Filed under: Mozilla — enndeakin @ 8:45 pm

This is a question that comes up a lot from other people when you are somebody that is expected to investigate and fix focus related Firefox bugs. People are confused as to why Mac has such an unusual way of handling of focus. The questions and confusion can usually be summarized as follows:

This Macintosh doesn’t behave exactly the same as the Windows (or Linux) machine I’ve been using for years does! It must be wrong!

Now I don’t know the actual reasoning as to why Apple might have chosen the particular focus behaviour they did, not for that matter why Microsoft, or any other platform vendor might have chosen the behaviour they did, but I can make some guesses.

On Windows, it is expected that a user uses both the mouse and the keyboard to interact with the user interface. The user is expected to only be interacting with one control at a time. If the user starts to interact with a control with the mouse, it is expected that the user, when then using the keyboard, will want to interact with that same control. There are exceptions however, for example, buttons on certain toolbars. Assuming this, Windows will move the focus to a control when you click on it.

The Macintosh however assumes that most people who are using a mouse aren’t going to interact with controls with the keyboard if they don’t need to. For instance, while you could toggle a checkbox by tabbing to it and pressing the space bar, most people don’t do this. Thus, the focus is only placed on those controls where one must use the keyboard to interact with it, or those where keyboard interaction is quite common. This means, text entry fields and list boxes. For text fields you need to be able to type in them and perhaps people commonly change items with the cursor keys in lists (or perhaps because you cannot select multiple non-contiguous items in a list without holding a key down) Thus, on Mac, clicking on any other control that isn’t a text field or list keeps the keyboard focus where it is rather than changing it.

For most typical users, it is quite handy to only have textboxes (and lists) in the tab navigation order. For example, when entering a login and password or other personal information, you can cycle between only those fields where you enter text, rather than having to skip over the various other buttons and links that might appear nearby. In addition, you can click the ‘Remember this Password’ checkbox and continue entering the password. On Windows, you would need to click the password field again.
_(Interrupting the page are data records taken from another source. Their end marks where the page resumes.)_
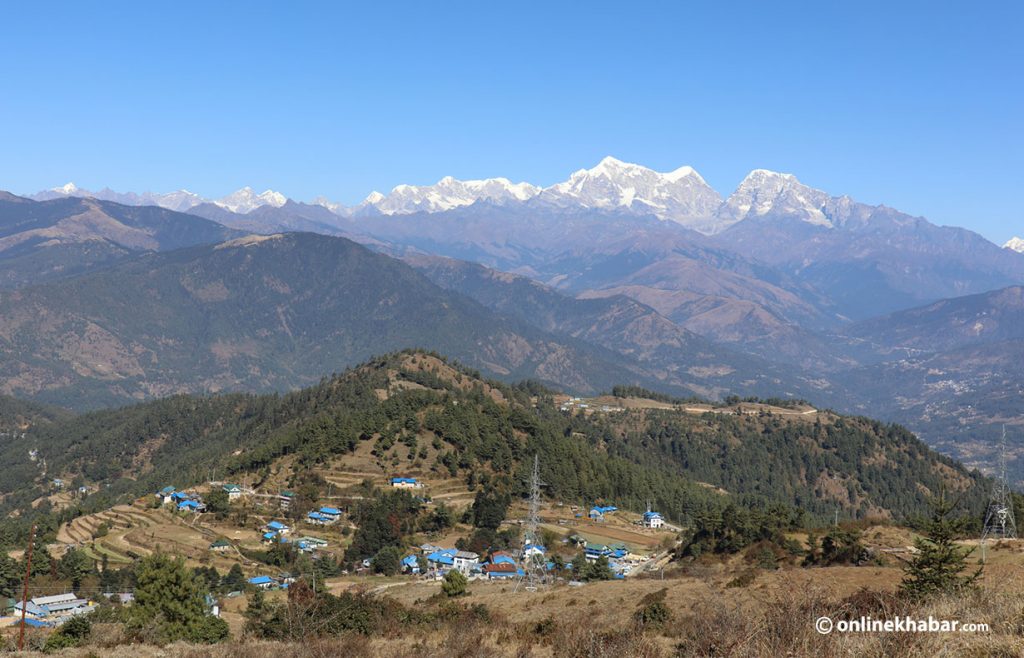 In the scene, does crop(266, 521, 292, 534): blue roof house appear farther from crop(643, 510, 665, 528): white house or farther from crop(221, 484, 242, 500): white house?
crop(643, 510, 665, 528): white house

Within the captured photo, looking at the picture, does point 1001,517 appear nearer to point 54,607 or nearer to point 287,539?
point 287,539

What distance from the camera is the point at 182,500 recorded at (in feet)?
383

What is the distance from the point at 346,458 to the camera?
13138 centimetres

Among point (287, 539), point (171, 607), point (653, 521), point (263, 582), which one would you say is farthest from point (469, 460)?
point (171, 607)

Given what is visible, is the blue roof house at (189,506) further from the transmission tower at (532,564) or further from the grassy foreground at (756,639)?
the grassy foreground at (756,639)

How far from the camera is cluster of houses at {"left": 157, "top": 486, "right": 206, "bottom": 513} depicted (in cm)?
11337

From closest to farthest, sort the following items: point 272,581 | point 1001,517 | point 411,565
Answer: point 1001,517 < point 272,581 < point 411,565

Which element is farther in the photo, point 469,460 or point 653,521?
point 469,460

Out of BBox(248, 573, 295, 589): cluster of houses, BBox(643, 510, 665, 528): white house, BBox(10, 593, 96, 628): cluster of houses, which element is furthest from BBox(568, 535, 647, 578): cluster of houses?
BBox(10, 593, 96, 628): cluster of houses

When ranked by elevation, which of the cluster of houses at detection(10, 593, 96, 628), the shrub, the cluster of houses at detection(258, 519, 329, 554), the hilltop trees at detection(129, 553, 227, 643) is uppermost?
the hilltop trees at detection(129, 553, 227, 643)

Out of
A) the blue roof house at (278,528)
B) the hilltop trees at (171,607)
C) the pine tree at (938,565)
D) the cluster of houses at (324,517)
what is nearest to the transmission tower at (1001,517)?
the pine tree at (938,565)

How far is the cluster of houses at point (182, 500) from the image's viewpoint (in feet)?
372

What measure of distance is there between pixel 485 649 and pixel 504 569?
64256 millimetres

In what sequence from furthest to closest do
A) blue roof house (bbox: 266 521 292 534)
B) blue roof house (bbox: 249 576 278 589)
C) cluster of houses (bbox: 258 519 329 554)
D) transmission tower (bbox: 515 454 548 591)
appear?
blue roof house (bbox: 266 521 292 534) < cluster of houses (bbox: 258 519 329 554) < blue roof house (bbox: 249 576 278 589) < transmission tower (bbox: 515 454 548 591) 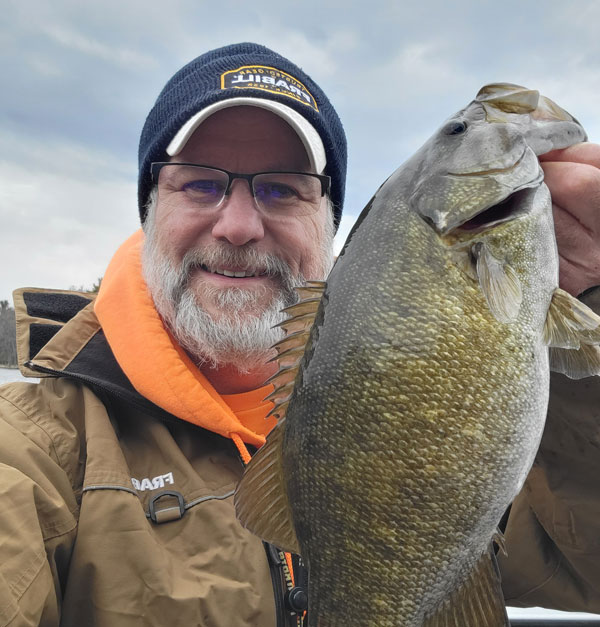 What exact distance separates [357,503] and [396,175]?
0.88 m

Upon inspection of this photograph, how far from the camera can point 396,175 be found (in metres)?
1.49

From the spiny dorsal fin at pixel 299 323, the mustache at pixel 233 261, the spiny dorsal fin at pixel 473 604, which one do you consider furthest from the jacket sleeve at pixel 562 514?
the mustache at pixel 233 261

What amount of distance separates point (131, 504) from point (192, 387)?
54 centimetres

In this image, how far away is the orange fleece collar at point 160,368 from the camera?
87.7 inches

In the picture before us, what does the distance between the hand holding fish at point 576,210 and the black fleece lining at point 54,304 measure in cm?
239

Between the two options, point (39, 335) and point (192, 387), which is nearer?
point (192, 387)

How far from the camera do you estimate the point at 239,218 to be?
2543mm

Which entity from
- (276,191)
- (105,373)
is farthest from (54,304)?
(276,191)

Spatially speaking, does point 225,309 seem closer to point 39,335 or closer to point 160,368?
point 160,368

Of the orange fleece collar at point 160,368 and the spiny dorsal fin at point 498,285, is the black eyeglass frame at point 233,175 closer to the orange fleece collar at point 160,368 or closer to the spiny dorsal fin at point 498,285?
the orange fleece collar at point 160,368

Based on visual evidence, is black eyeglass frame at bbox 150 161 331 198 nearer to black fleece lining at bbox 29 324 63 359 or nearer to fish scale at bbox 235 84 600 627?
black fleece lining at bbox 29 324 63 359

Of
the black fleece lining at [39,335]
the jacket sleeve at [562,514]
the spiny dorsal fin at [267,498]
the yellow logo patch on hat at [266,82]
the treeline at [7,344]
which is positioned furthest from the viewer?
the treeline at [7,344]

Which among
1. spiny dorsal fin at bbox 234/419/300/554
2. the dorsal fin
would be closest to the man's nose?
the dorsal fin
You can always set the ‘Full Keyboard Access’ setting to make all controls part of the tab navigation sequence.

Modern versions of Windows don’t show focus indicators (the dotted rings) around controls until the keyboard is used to navigate within a window, for example by pressing Tab or an access key. There’s a system setting that can always enable focus indicators. In addition, older versions of Windows that didn’t have this setting will always show focus indicators. Actually, there’s one, almost secret, way to show focus indicators by default and that is to open a dialog box by using the keyboard instead of the mouse. What heuristics Windows uses to determines this is unclear, but you can see the effect for yourself by opening the Properties dialog for a file. When using the mouse alone the focus indicator doesn’t appear on a control, whereas if you navigated the menu and selected Properties using the cursor keys and Enter, the focus indicator does appear on a control in the resulting dialog. This little known feature works in Firefox too! (Or it would if the main menu wasn’t so broken.)

Here’s one! The focus ring has appeared around the button.

Because Macintosh doesn’t focus most controls when clicking them, you rarely see the blue glowing focus rings around them. However, if one was to focus, for example, a button manually using code, the focus ring will appear around it. You can see this if you look around the Mac OS X UI a bit, even without using the keyboard at all.